It is likely that the Supreme Court will reverse the Eight Circuit decision for two reasons. First, prior to this decision, it was well established that Section 2(a) applies only to consummated sales to two "purchasers" at two different prices. An offer to sell that is not consummated has always been considered outside the statute's coverage.9 The Eighth Circuit deemed those cases distinguishable because in this instance Reeder contemporaneously was a purchaser of heavy trucks in connection with transactions other than the two in which in had unsuccessfully bid. For this reason, the court ruled that Reeder was a competing "purchaser." However as stressed by the dissenting Judge, because of the unique facts involved in the heavy truck industry, in which purchases are made only after a dealer has been a successful bidder, the fact that Reeder was a purchaser in other transactions elsewhere should not have made it a "purchaser" as to transactions when it did not consummate a purchase.
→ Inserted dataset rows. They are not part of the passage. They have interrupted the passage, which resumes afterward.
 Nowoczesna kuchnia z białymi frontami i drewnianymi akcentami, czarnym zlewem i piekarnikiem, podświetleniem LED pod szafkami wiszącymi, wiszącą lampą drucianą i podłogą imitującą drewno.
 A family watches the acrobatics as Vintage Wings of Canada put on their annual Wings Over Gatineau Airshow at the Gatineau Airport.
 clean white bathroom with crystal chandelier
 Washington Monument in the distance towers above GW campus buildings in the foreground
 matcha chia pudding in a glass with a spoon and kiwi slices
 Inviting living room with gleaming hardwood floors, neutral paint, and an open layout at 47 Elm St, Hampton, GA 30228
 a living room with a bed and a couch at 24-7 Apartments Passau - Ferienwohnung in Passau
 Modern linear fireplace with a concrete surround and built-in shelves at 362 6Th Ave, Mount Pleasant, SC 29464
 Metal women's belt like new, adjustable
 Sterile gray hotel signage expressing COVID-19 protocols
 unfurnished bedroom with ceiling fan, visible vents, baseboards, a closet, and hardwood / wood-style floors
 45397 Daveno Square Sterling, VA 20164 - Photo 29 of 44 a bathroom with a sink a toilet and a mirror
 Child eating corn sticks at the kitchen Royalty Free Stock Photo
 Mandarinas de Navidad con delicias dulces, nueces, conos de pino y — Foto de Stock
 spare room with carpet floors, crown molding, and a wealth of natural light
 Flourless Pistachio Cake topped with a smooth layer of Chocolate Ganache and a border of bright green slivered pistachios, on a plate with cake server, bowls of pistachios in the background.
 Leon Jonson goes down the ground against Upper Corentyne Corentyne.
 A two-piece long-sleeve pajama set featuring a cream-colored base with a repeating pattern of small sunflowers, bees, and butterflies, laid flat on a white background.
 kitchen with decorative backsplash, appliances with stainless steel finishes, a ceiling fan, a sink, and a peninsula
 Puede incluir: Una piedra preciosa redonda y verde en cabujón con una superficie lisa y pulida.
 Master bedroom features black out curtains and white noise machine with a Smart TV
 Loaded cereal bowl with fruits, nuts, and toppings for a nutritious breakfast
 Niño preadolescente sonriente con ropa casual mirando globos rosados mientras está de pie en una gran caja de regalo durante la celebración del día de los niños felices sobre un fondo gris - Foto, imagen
Second, as to the transactions when Reeder actually made a purchase, either: (1) its prices were compared with Volvo's prices to other dealers in other transactions not involving Reeder; or (2) it beat out a non-Volvo dealer -- not a purchaser from the same seller -- transactions that clearly are outside the scope of the statute. The law is well established that Section 2(a) only applies when goods have been sold contemporaneously by the same seller to two buyers at different prices.10
Of even more significance, there are two major antitrust policy reasons for reversing the Eighth Circuit's Reeder-Simco decision. First, the Supreme Court has stressed that interbrand competition should be the principal focus of the antitrust laws.11 The Eighth Circuit has turned this policy on its head by penalizing Volvo for its pricing assistance to its dealers in their interbrand competition so that the court could avert a perceived reduction in intrabrand competition. Second, the law developed in the Supreme Court under the principal antitrust statutes requires an antitrust plaintiff to demonstrate that overall competition in the market was injured as a result of alleged unlawful conduct.12 Injury suffered solely by a single plaintiff is insufficient to satisfy this requirement. However, a number of circuit courts have ruled that injury to an individual purchaser is sufficient to meet the Robinson-Patman Act's injury to competition requirement.13 Reeder-Simco provides the Supreme Court with the opportunity to resolve these Robinson-Patman Act anomalies, and in doing so to bring the Act closer to conformity with the policies of the principal antitrust statutes.
- 374 F.3d at 701 (8th Cir. 2004).
- 374 F.3d at 709.
- Id. at 712-13.
- Id. at 718.
- Id. at 719.
- See, e.g., Crossroads Cogeneration Corp. v. Orange & Rockland Utils, Inc., 159 F.3d 129 (3rd Cir. 1998); Robertson's Battery Terminal, Inc. v Pacific Chloride, Inc., 961 F.2d 1578 (6th Cir. 1992). In fact, there is an Eighth Circuit decision to this effect. Fusco v Xerox Corp., 676 F.2d 332 (8th Cir. 1982).
- See, e.g., Terry's Floor Fashions, Inc. v. Burlington Indus., Inc., 763 F.2d 604, 615 (4th Cir. 1985); Shaw's, Inc. v. Wilson-Jones Co., 105 F.2d 604, 615 (3d Cir. 1939); Maier-Schule GMC, Inc. v. General Motors Corp., 780 F. Supp 984, 989 (W.D.N.Y. 1991).
- Continental TV, Inc. v. GTE Sylvania, Inc., 433 U.S. 36, 52 n.19 (1977).
- See Spectrum Sports, Inc. v. McQuillan, 506 U.S. 447, 458 (1993); Atlantic Richfield Co. v. USA Petroleum Co., 495 U.S. 328, 338 (1990); Cargill, Inc. v. Monfort of Colo., Inc., 479 U.S. 104, 109-10, (1986); and Brunswick Corp. v. Pueblo Bowl-O-Mat, Inc., 429 U.S. 477, 488 (1977).
- See George Haug Co. v. Rolls Royce Motor Cars, Inc., 148 F.3d 136, 144 (2d Cir 1998); Chroma Lighting v. GTE Prods. Corp., 111 F.3d 653 (9th Cir.), cert. denied, 522 U.S. 943 (1997); and J.F. Feeser, Inc. v. Serv-A-Portion, Inc., 909 F.2d 1524, 1533 (3d Cir. 1990), cert. denied, 499 U.S. 921 (1991).